In the workplace race to get more done in less time, truly effective managers must avoid becoming “do-it-all” work-aholics. As such, effective delegation is perhaps the single most powerful high leverage activity in management.
To delegate is simply to commit or entrust to another. To truly delegate, the manager must surrender the authority related to the task, but keep the responsibility of ensuring that the task is completed properly. Many managers would prefer things the other way around.
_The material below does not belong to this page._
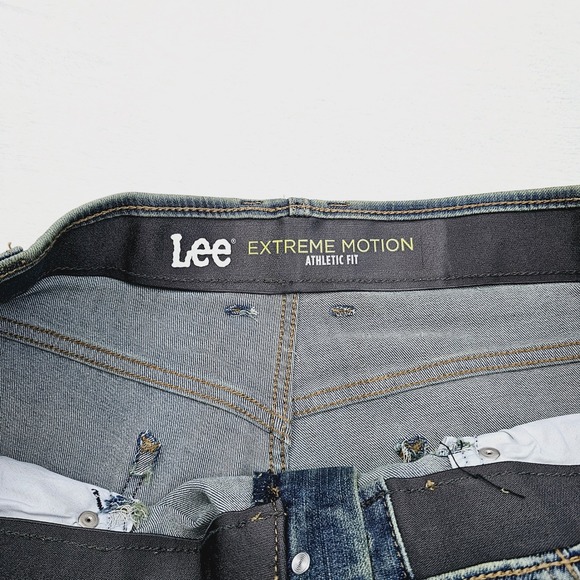 NEW Lee Extreme Motion Jeans Men 44W 32L Blue Athletic Tapered Leg Performance - Picture 4 of 13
There are a number of common reasons why people choose not to delegate:
1. Poor Soft Skills: poor ‘people’ skills can frustrate, de-motivate and confuse staff, with the required task often not completed satisfactorily.
2. Time-Poor: to delegate effectively requires an up-front investment in training and coaching staff which some managers feel they can’t justify.
3. Perfectionist Streak: a belief that no-one can do it better than you can - and if you want something done right you must do it yourself.
4. Speed: a belief that no-one can do it faster than you.
5. ‘Hands-On’: some managers find it hard to step back from the ‘coal-face’ even when it’s in the best interests of the business.
6. Redundancy: If everything is delegated and running smoothly the manager may feel as though there’s nothing for them to do.
7. Giving Power Away: some managers find it difficult to ‘let go’ of total control of a task – especially if it’s a personal favourite.
8. Fear: of being over-ridden by a superior; of appearing weak by asking for help, of not wanting to criticise (or be criticised) or of even that the person will outperform their manager.
9. Complications: delegation isn’t a simple skill set to acquire - there are many potential pitfalls.
When to Delegate
There are a number of questions to ask that help identify when it is time to delegate:
1. Is the task central to your role? If ‘Yes’, then even if it’s not difficult, keep it on your workload.
2. Is the task urgent, but not important to you? Just because there’s a tight deadline doesn’t mean that you have to handle it.
3. Can the task be done better by someone else? If someone is naturally better at a task, let them play to their strengths wherever appropriate.
4. Will it contribute to staff development/professional growth? Delegation is not just about you clearing your desk – it should also ideally increase your team’s professional skills.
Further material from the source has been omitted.